Laurette Séjourné discusses the use of "maize" related terms used as descriptors for girls among the Pueblo Indians and related usage of terms among the Aztecs.

Date
1960
Type
Book
Source
Laurette Séjourné
Non-LDS
Hearsay
Secondary
Reference

Laurette Séjourné, Burning Water: Thought and Religion in Ancient Mexico (New York: Grove Press, Inc., 1960), 50-51

Scribe/Publisher
Grove Press, Inc.
People
Laurette Séjourné
Audience
Reading Public
PDF
Transcription

Study of the archaeological material from the archaic Pre-columbian period, composed mainly of naturalistic representations of animals and women, will help to make this clear. The former are easily explained. The custom of modelling images of animals the people needed in abundance is not only mentioned in ancient documents but has been observed by many modern ethnologists. The female figures, on the other hand, have been so argued about that the understanding of this magical phase becomes more and more difficult.
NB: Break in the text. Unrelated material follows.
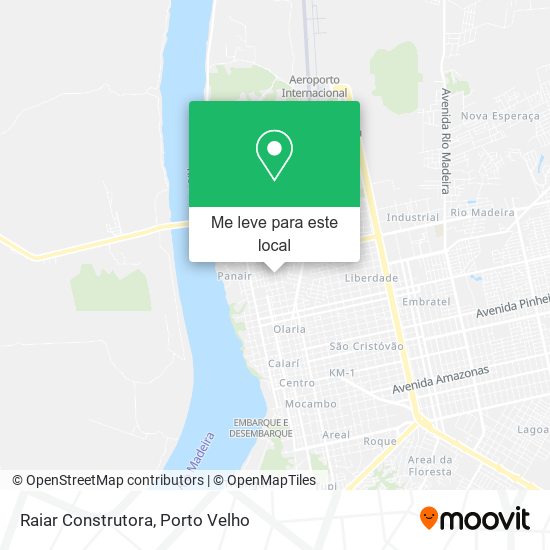 Raiar Construtora mapa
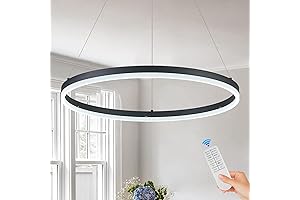 Modern LED Ring Chandelier: Enhance Your Ambiance with Style and Illumination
If, as some have suggested, these female images represent an earth goddess, it means that the concept of divinity enters history several centuries earlier than it theoretically should; for archaeological collections show that this advanced concept closes the archaic period and is always accompanied by a number of cultural characteristics entirely lacking in earlier times.
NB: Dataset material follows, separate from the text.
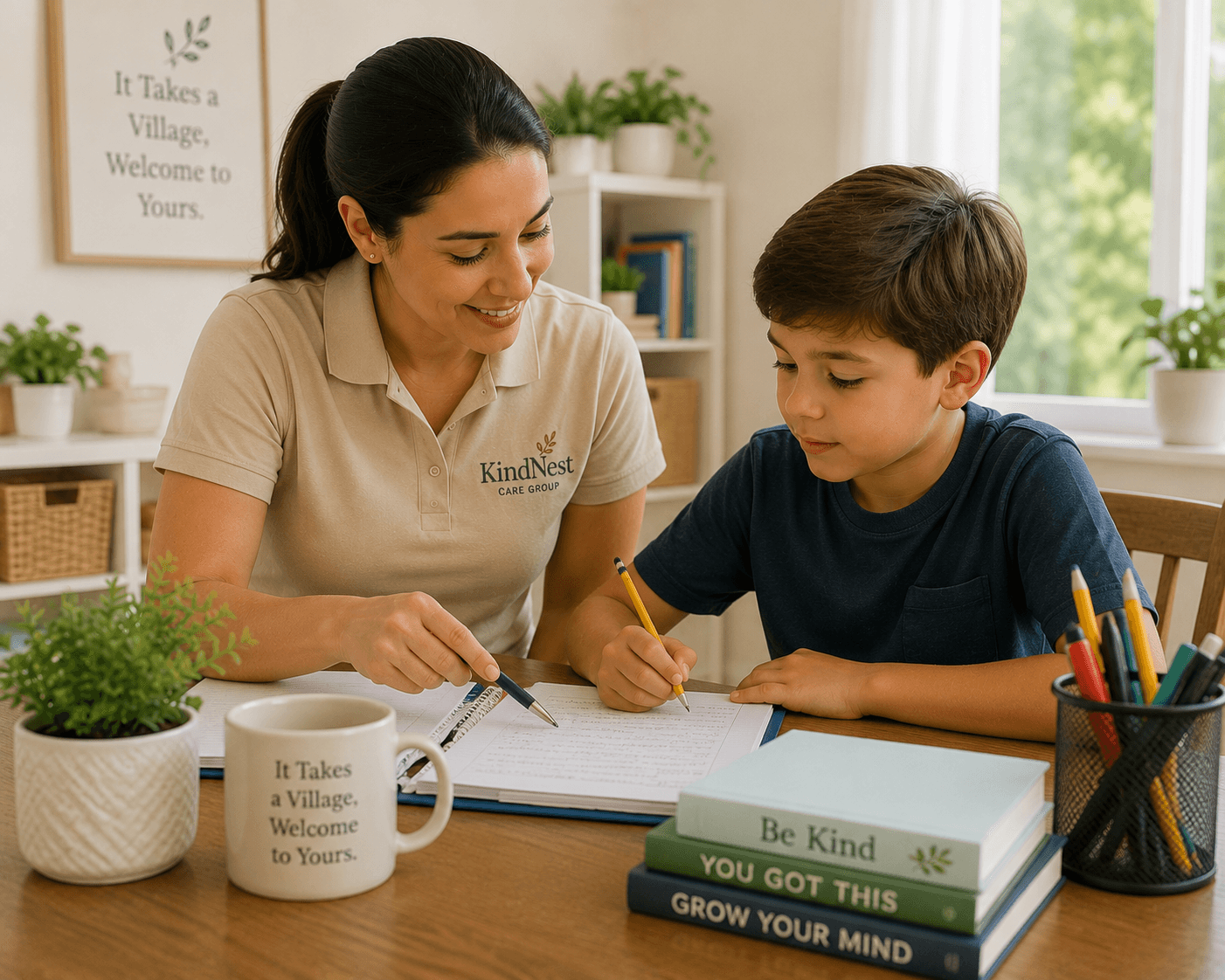 KindNest nanny training session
Moreover ethnology seems to show clearly enough that the fundamental psychological attitude of primitive man is to assimilate the multitudinous forms of nature to himself. Such assimilation contradicts the principle of singularity or wholeness inherent in the idea of divinity. The American anthropologist, Clew Parsons, tells how the Pueblo Indians speak familiarly of girls as “white maize”, “yellow maize”, “red maize”, and adds that young virgins take the parts of these important crops, impersonating them in certain ceremonies. These symbolic representations form the theme of many tales of the Zapotec Indians from southern Mexico:

“A man met a boy and a girl at the cross. ‘I am Corn’, said the boy, ‘and she is Beans.’ That year they had five crops at Mitla.”

And again:

“lightening brought out two flower vases and form them came out two girls, one girl had no colour . . . the other was red and very attractive. Then he said to Pablo: ‘Now which of these girls will you take? Here you have the crops.’”

Tales of this kind are valuable because, besides showing that the custom of personifying natural phenomena persists to our day, they allow us better to understand the mechanism of the magic rite: the apparition of the girl maize or bean has such splendid consequences that every effort is made to encourage it. That is, the magical activity consists in performing pantomimes in which human beings assume the rôles of animals, plants, and clouds, which are thus conjured up and enacted according to the needs of the group. It is, then, legitimate to suppose that the female archaic images represent the good things needed by the Indians in abundance, a hypothesis that seems to be confirmed by the most significant relevant material from any Pre-Columbian archaic centre, that found in Tlatilco, a suburb of Mexico City.